On appelle clair-obscur la technique consistant à moduler la lumière sur un fond d'ombre, en créant des contrastes propres à suggérer le relief et la profondeur. De cette façon, les figures ou objets représentés sur une surface plane donnent l'illusion du relief en jouant, afin d'y parvenir par le savoir-faire technique de l'artiste, des passages subtils de la lumière à l'ombre pour modeler les formes.
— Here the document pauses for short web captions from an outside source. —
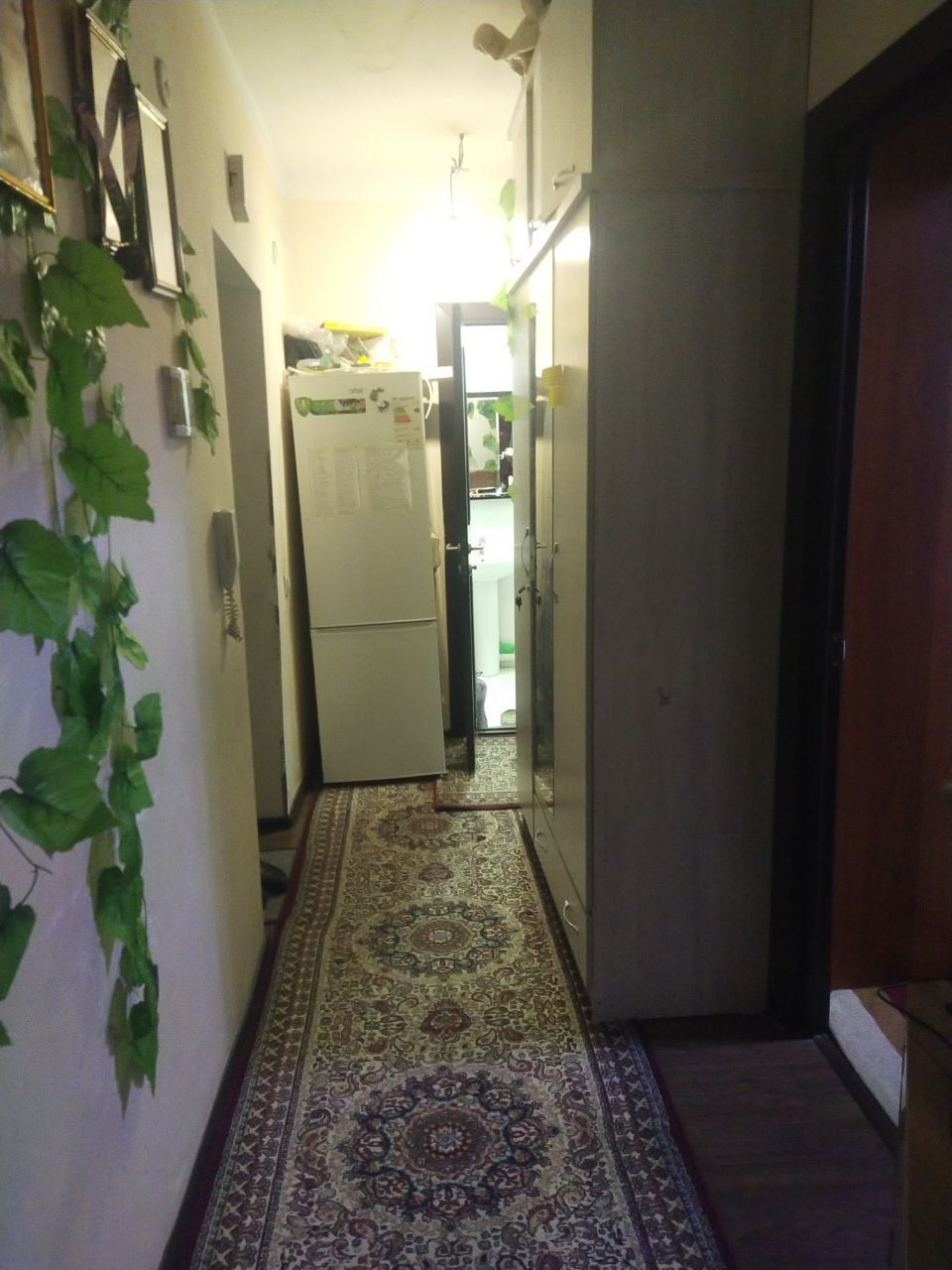 Sergeli 5a 2/5/7 kvartira sotiladi Arzon narxda shoshilin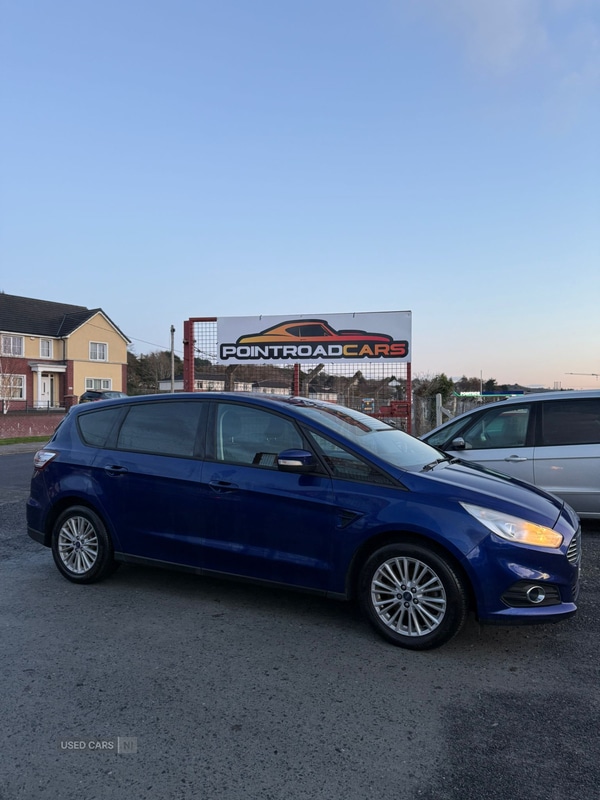Used Ford S-Max 2016 for sale - 76646708: Photo 2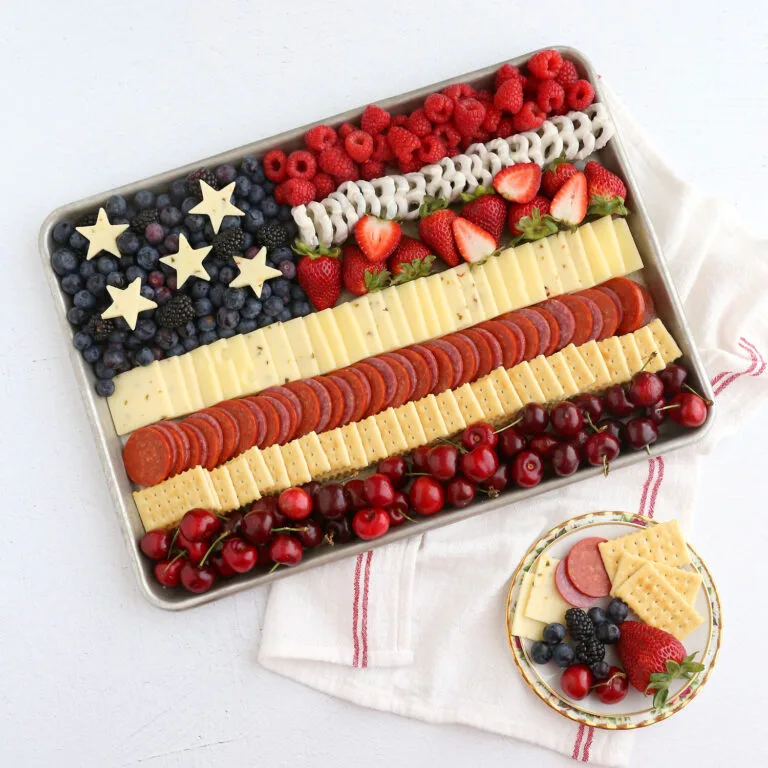american flag charcuterie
Léonard de Vinci et Giorgione ont été les précurseurs de ce procédé développé par Corrège et pratiqué notamment par Titien, Caravage, Velázquez, Rembrandt, Georges de la Tour, etc. Dans son Cours de peinture par principes (1708, nouvelle édition, Paris 1989) qui résume toute l'esthétique du xviie siècle, l'écrivain Roger de Piles (1635-1709) consacre un long développement au clair-obscur dans lequel il précise notamment que " la science des lumières et des ombres qui conviennent à la peinture est une des plus importantes parties, et des plus essentielles de cet art. "

Gravure

On appelle clair-obscur ou camaïeu les bois gravés et imprimés en plusieurs teintes au repérage. On distingue parfois le camaïeu, auquel les Allemands ont été fidèles, où une planche donne le dessin complet et les autres le relief, et le clair-obscur, où toutes les planches sont indispensables à la composition technique, méthode pratiquée notamment par Ugo da Carpi et Nicolo Vicentino. Mais cette distinction, concernant l'exécution plutôt que le procédé lui-même, ne se perçoit que difficilement. Le procédé semble avoir été mis au point en Allemagne entre 1507 et 1510 par Lucas Cranach et Hans Burgkmar ; Ugo da Carpi, dont la découverte est peut-être indépendante de la leur, en obtint le privilège à Venise en 1516. Dans une certaine mesure, les clairs-obscurs italiens imitent le lavis. Pourtant, les bonnes épreuves de la première moitié du xvie s. s'en distinguent souvent par des couleurs assez vives (vert, violet, orangé), d'une évidente recherche. Les bistres dominent dans l'œuvre d'Andrea Andreani (v. 1600) et dans ses nombreuses réimpressions de bois anciens. Le clair-obscur, qui avait disparu avec Büsinck, connut un renouveau au xviiie s. (Zanetti, Skippe, J.-B. Jackson). Munch et les expressionnistes allemands ont pratiqué des bois gravés en couleurs, de tons parfois violents, d'un type tout à fait différent.